By Wall Street Journal
Nov. 11, 2021 Anno Domini
Russia’s Vladimir Putin is causing trouble in Europe again, first by massing troops on the border with Ukraine and now with a refugee crisis and energy threats through his ally in Belarus. Western Europe is upset but has itself to blame for being so vulnerable.
Belarus dictator Alexander Lukashenko stole last year’s presidential election and arrested opposition leaders. His increasingly violent crackdown prompted several rounds of European Union sanctions. He has retaliated by facilitating the movement of mostly Middle Eastern migrants to Europe’s borders.
Polish security officials have accused Belarusian forces of helping migrants break through border barriers. They say Belarusian units have pointed their rifles at Polish forces and simulated throwing grenades across the border. Hundreds of migrants tried to break through the Polish border this week, and thousands remain camped nearby. Some have died in the freezing conditions.
Now Mr. Lukashenko is playing the energy supply card. “We are heating Europe, they are still threatening us that they will close the border. And if we shut off natural gas there?” Mr. Lukashenko said Thursday, according to Reuters. “I would recommend that the Polish leadership, Lithuanians and other headless people think before speaking.”
This has the look of a Putin-inspired hybrid political campaign. The intention is to destabilize Poland and its neighbours while generating division within the E.U. So far the strategy has largely backfired. Warsaw’s spat with Brussels over rule-of-law issues is now on the back burner, and Brussels rightly has laid blame for the humanitarian crisis on Belarus. One senior EU official, reversing Brussels’ previous position, has said financing a border wall with Belarus is possible.

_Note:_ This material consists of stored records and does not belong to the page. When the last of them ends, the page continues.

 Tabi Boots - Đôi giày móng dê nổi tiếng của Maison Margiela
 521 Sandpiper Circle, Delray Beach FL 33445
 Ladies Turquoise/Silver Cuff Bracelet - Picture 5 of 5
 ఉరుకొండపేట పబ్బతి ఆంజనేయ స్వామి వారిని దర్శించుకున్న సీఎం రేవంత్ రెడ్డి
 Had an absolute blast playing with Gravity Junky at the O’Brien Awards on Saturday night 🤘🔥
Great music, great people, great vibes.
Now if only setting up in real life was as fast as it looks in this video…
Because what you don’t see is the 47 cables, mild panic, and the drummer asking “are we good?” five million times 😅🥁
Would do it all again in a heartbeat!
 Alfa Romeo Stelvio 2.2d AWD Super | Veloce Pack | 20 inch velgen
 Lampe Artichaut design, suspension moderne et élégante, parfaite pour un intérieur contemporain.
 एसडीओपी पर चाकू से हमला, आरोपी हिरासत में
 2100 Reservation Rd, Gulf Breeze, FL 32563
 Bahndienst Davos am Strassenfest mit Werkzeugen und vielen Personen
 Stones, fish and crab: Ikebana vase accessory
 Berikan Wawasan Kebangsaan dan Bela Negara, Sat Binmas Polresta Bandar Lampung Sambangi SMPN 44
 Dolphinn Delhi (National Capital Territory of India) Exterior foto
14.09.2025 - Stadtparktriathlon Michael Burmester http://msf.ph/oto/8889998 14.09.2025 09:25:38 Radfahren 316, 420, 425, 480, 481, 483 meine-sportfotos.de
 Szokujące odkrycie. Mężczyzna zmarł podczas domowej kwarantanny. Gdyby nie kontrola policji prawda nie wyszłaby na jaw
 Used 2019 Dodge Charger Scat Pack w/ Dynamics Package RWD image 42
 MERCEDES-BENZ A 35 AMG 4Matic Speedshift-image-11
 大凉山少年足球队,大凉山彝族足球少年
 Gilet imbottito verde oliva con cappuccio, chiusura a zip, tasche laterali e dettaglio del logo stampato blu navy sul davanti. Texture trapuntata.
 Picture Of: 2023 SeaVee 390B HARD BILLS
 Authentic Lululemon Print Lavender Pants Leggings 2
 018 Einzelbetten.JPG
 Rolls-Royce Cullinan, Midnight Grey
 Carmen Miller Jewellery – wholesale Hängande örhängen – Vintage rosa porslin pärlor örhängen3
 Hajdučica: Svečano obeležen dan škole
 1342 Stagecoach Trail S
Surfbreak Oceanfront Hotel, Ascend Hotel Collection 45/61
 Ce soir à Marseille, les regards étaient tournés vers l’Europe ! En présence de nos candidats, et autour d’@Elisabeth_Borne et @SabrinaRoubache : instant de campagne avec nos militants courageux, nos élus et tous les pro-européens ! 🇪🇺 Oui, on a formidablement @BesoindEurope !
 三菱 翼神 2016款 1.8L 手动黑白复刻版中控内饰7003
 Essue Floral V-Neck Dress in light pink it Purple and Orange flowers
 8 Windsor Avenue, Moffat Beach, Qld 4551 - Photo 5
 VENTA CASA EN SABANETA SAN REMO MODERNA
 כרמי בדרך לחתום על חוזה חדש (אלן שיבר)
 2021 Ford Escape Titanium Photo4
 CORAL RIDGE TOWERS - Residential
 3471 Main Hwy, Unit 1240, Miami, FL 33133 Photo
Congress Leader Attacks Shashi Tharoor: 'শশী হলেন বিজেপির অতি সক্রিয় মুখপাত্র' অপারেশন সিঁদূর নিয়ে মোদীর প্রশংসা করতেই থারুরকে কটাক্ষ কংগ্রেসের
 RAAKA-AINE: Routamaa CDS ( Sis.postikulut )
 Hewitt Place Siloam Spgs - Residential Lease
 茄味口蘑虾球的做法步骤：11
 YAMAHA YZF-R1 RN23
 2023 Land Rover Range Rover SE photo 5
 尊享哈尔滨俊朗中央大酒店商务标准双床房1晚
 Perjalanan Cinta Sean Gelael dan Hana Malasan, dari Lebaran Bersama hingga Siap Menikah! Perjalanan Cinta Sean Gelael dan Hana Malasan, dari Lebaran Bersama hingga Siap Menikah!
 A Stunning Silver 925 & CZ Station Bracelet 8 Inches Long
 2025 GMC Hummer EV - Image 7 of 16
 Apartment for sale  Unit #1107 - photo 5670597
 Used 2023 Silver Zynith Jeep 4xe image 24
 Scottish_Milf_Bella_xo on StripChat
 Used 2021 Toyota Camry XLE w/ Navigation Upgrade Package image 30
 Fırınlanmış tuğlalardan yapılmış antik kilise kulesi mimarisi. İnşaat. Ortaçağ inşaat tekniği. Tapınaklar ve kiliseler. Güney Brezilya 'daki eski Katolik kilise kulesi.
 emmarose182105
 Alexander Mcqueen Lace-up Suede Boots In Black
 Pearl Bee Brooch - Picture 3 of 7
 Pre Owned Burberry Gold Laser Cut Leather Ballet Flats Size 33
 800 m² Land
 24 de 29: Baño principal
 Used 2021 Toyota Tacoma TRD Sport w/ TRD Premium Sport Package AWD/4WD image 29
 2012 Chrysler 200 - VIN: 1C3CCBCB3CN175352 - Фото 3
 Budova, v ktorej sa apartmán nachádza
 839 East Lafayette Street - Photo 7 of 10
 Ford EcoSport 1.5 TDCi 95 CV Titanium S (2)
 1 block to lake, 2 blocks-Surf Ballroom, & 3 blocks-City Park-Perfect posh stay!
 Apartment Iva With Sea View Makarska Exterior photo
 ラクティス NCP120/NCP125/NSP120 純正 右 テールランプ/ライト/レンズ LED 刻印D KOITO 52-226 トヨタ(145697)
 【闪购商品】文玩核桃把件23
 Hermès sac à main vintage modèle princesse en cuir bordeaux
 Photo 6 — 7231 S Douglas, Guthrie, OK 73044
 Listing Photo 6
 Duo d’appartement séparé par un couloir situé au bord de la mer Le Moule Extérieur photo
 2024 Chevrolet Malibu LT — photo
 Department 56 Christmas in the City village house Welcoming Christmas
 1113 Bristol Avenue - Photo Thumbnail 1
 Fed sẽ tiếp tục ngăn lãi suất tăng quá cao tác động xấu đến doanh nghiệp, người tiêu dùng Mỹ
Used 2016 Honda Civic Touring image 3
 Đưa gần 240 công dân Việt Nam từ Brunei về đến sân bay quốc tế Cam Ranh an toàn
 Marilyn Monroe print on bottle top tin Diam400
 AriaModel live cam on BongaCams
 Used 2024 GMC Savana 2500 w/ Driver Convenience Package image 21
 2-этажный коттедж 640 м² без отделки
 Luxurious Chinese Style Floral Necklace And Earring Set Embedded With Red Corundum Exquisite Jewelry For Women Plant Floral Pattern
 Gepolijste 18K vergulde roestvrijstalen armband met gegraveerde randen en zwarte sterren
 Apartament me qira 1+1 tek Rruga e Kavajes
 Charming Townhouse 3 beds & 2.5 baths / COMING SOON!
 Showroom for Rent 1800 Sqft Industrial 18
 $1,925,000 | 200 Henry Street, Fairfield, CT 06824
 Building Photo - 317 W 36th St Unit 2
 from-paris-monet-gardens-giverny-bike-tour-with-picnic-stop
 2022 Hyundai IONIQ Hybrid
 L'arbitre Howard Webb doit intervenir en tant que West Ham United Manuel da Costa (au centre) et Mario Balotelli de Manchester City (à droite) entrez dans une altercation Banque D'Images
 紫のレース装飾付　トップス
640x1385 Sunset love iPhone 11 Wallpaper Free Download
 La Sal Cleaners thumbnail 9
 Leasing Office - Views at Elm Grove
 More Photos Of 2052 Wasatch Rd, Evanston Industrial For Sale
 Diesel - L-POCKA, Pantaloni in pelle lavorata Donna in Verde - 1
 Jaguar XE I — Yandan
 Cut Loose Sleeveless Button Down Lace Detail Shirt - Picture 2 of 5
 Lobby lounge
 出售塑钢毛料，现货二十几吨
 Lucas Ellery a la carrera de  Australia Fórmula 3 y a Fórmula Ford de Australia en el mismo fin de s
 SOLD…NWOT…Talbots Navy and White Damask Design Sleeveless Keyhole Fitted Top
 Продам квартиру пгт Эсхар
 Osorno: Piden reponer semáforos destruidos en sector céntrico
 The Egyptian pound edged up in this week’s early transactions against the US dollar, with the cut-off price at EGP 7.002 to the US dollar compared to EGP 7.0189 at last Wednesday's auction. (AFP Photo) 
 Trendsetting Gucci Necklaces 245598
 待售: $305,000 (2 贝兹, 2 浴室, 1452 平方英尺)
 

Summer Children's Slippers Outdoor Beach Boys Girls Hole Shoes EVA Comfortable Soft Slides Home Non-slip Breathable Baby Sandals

Russia is controlling the marionette here. Mr. Lukashenko once played Russia and the West off each other, but since the popular protests against him he has thrown in completely with Moscow. Mr. Putin is taking advantage, flying Russian strategic bombers over Belarusian airspace this week. The Kremlin has called on Europe to pay Minsk to halt the migrants while blaming Western intervention in the Middle East for the chaos. This trolling is Mr. Putin’s specialty: Create or encourage a crisis, blame the victim, and demand concessions to resolve the issue.
The larger strategic context is that Mr. Putin and his crony believe they can act with relative impunity because Europe is desperate for Russian gas amid an energy crunch. European leaders—especially lame duck German Chancellor Angela Merkel and French President Emmanuel Macron—cling to the illusion that talking to Russia will improve ties. Mr. Putin told Ms. Merkel in a phone call this week that Europe would have to negotiate directly with Minsk—giving a pariah state the legitimacy it craves.
The best near-term approach is to impose harsher sanctions on items like potash exports and to pressure Middle Eastern countries to halt flights into Minsk. In the long run, Europe will have to lessen its dependence on Russian energy. Killing the Nord Stream 2 pipeline would be an important start, if anyone has the nerve.